Rum Mount Gay
Recenzje rumów

Rum Mount Gay – recenzja wersji Eclipse, Black Barrel, XO oraz 1703

Są recenzje trudniejsze do napisania (jak ostatnia Don Papy) i są te wydawałoby się łatwiejsze, przyjemniejsze, gdzie to rum gra pierwsze skrzypce, a ja mam za zadanie koncertowo tego nie s…partolić 🙂 Gdzie próbujący, obok trunku samego w sobie, może trochę zanurzyć się też w historii, która za danym rumem stoi. Zwłaszcza, gdy mówimy tu o destylarni, która jest formalnie uznawana najdłużej, nieprzerwanie działającą. Tylko, czy trunek nadąża za historią i jest jej godzien? Przekonajmy się. Rum Mount Gay w odsłonach Eclipse, Black Barrel, XO Triple Cask i 1703.

Rum Mount Gay
Rum Mount Gay, fot. własna

Dlaczego Rum Mount Gay? Dlaczego 1703?

Tak, 1703, zakończenie poprzedniego akapitu będzie jednocześnie początkiem kolejnego i datą od której liczymy istnienie destylarni Mount Gay (choć nie od razu się tak nazywała). Data ta została uwidoczniona na dokumencie, który mówi o destylarni (still house) na terenach plantacji Mount Gilboa (wcześniejsza nazwa). Niemniej jednak poszukiwania dalszych odniesień trwają i gdy byłem uczestnikiem Live’u, w którym udział wziął m.in. Raphael Grisoni, dyrektor generalny Mount Gay, to wspominał on, że znaleziono również odniesienie do destylatora na tym terenie z 1654 roku.
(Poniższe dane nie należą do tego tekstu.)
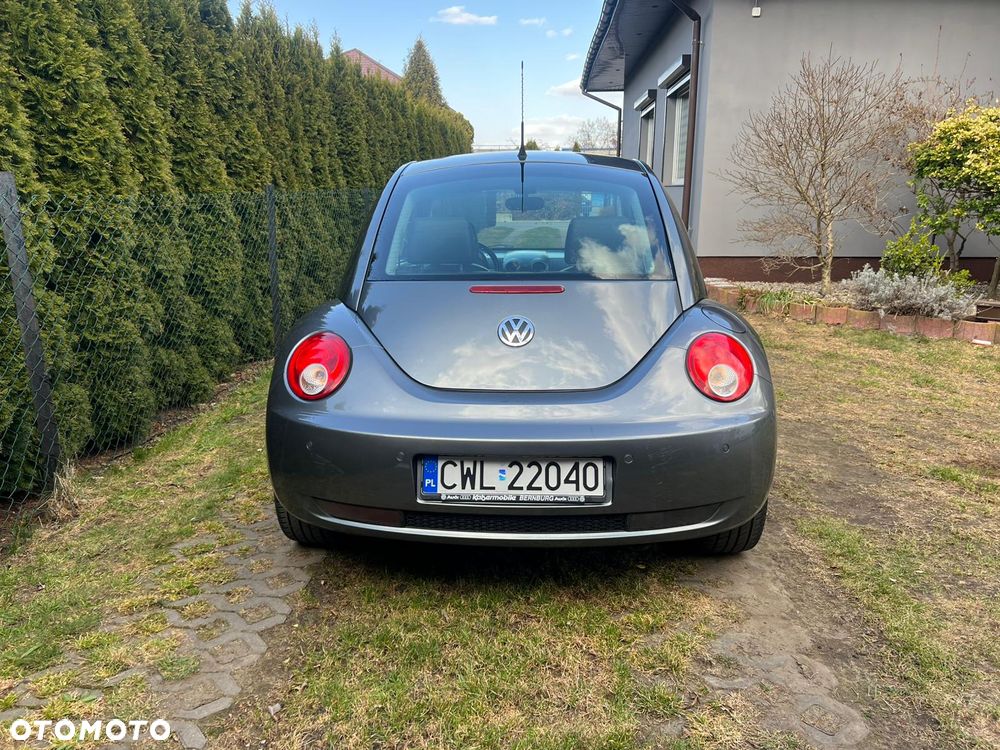 Volkswagen New Beetle 1.6 - 6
Oba fragmenty, a także obszerniejszą wersję historii Mount Gilboa możecie zobaczyć na stronie Matt’a Pietrek tutaj. Również tę niedawną, jak sprzedaż destylarni do Remy Cointreau dopiero w 2014 roku, a oryginalnej plantacji trzciny w 2015 (transakcja z 1989 dotyczyła jedynie marki Mount Gay!). Również znajdziecie tam wyjaśnienie, dlaczego na części rumów, w tym na serii Habitation Velier znajdziecie napis Mount Gilboa, a nie Mount Gay!
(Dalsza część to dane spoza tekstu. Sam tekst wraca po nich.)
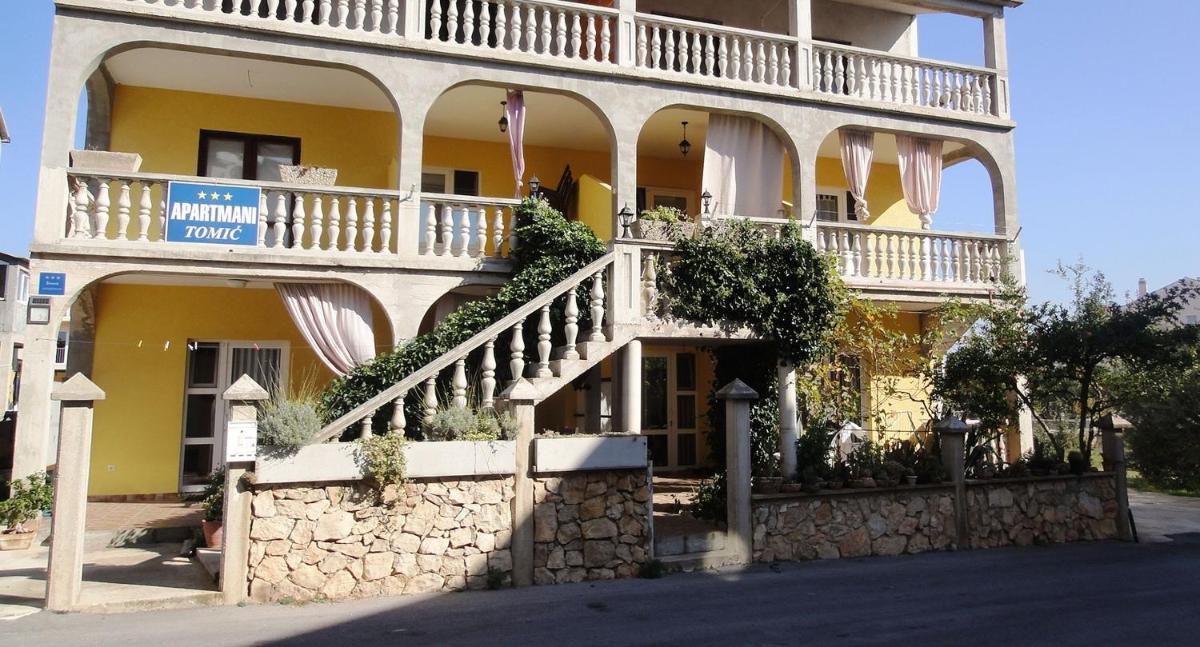 Apartments Tomić view 2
Nadmienię jedynie o pochodzeniu i zmianie nazwy. Otóż jednym z właścicieli destylarni był John Sober (genialne nazwisko dla osoby związanej z alko!), a jednym z zarządzajacych na miejscu był Pan John Gay Alleyne. Rodzina Sober z uwagi na zasługi w rozwoju firmy zmieniła więc nazwę z Mount Gilboa na Mount Gay. Jak pisze Matt (tego wątku nie znałem), nie zdecydowano się na nazwę Mount Alleyne, gdyż już taka nazwa na wyspie istniała. Zdecydowano więc na powzięcie nazwy z drugiego imienia pana Alleyne.

Rum Mount Gay – klasyka

Mount Gay produkował/produkuje, jak dla mnie, jedne z najbardziej klasycznych rumów na świecie. Może z wyjątkiem ostatniego skrętu jakim był rum Mount Gay XO Triple Cask, ale o tym za chwilę. Klasyka w postaci fermentacji melasy (fermentacja do 36 godzin) z drożdzy własnych (z minimalnym wykorzystaniem drożdży dzikich przy otwartych kadziach).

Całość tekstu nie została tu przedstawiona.